Catholic Encyclopedia (1913)/Apelles
Founder of a Gnostic sect; died at an advanced age late in the second century. What little is known of his life is gleaned chiefly from fragments of the writings of his antagonist Rhodon, preserved by Eusebius (Hist. Eccl., V, xii), and from Tertullian's "Prescription against Heretics" (xxx). At Rome he separated from Marcion, whose most famous pupil he was, and went to Alexandria, where he met the visionary Philumene, whose utterances he regarded as inspired. Besides collecting her oracles in a book entitled "Manifestations", he wrote an extensive work, Eullogismoi, an attack on Mosaic theology. The moral character of Apelles is differently estimated according as one is influenced either by Rhodon's uncoloured picture of the aged heresiarch, or by the stories of scandals in his early life to which Tertullian, not without exaggeration, refers.
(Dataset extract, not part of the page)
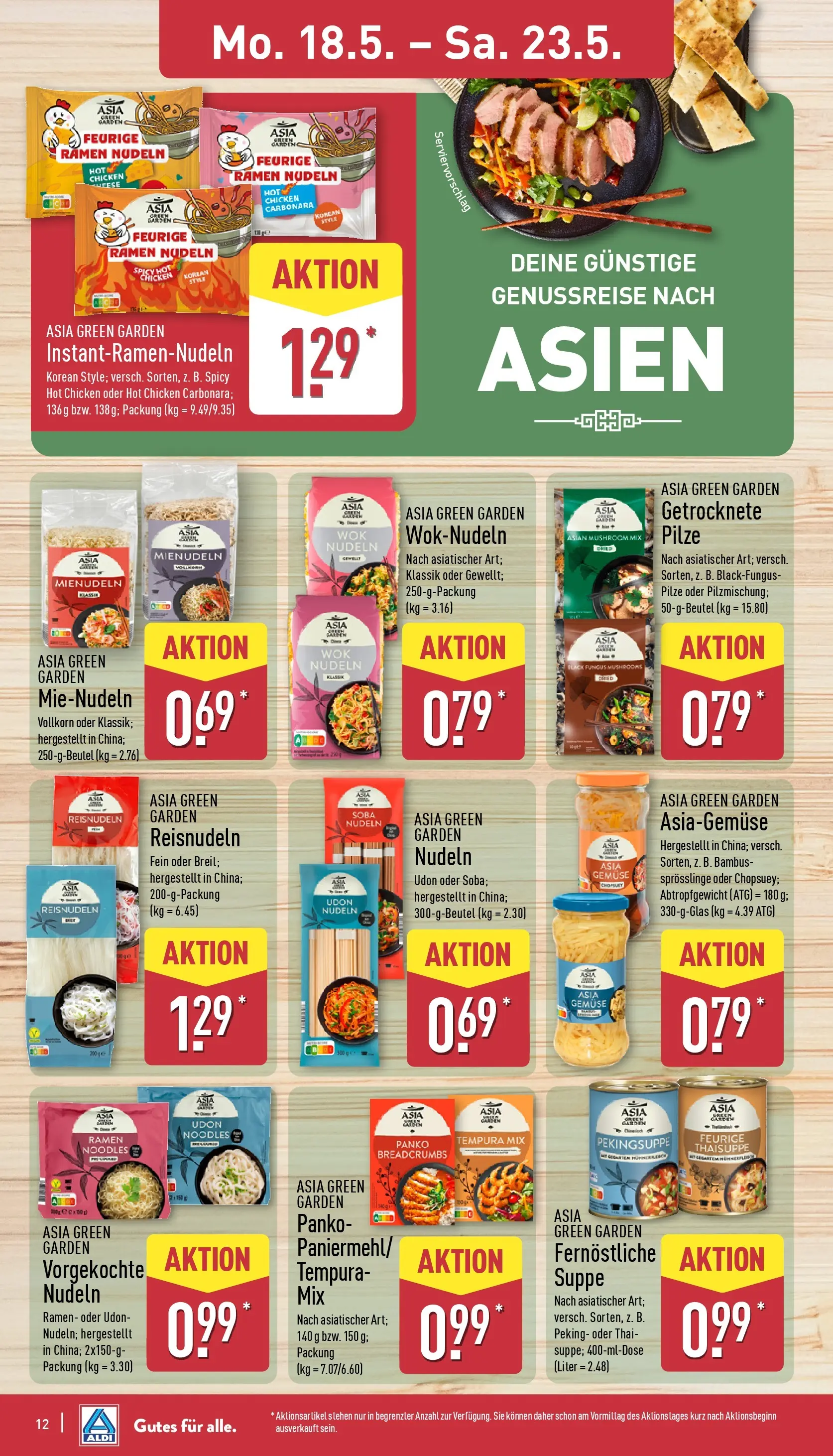 Aldi - ALDI Nord: Wochenangebote (ab 17.05.2026) » Angebote Online | Seite: 13 | Produkte: Gemüse, Nudeln
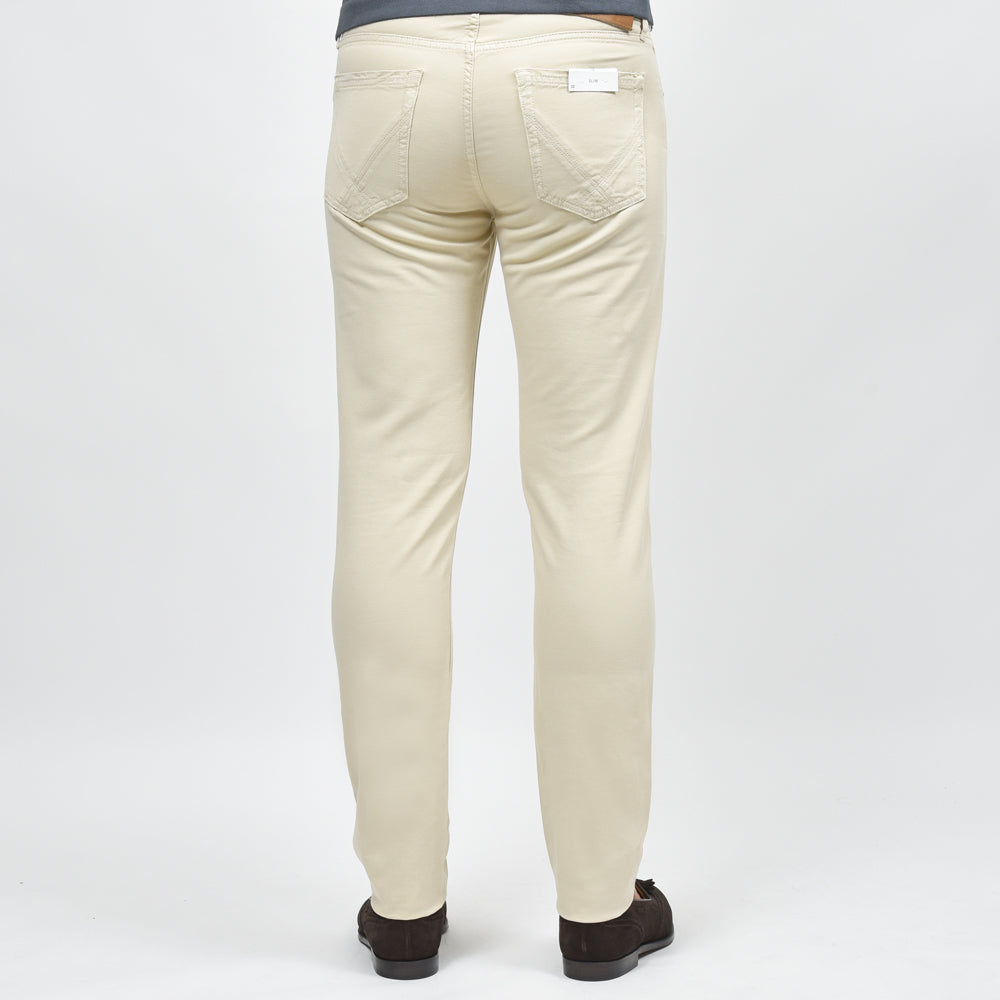 ROY ROGER'S(ロイ ロジャース) ガーメントダイストレッチコットンリネンツイルスリムテーパードパンツ Leonardo JP/SLIM/RRU235P4570112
HARNACK, De Apellis gnosi monarchicâ (Leipzig, 1874); IDEM in Texte und Untersuch. (Leipzig, 1890), VI, iii, 109-120, and ibid. (new series, Leipzig, 1900), V, iii, 93-100; BARDENHEWER, Gesch. der altkirch. Lit. (Freiburg, 1902), I, 343, 344; TILLEMONT, Mémoires (Venice, 1732), II, 282-285, 610, 611. BAREILLE, in Dict. de théol. cath., I, 1455-57. HORT in Dict. of Christ. Biog. (London, 1877), I, 127, 128.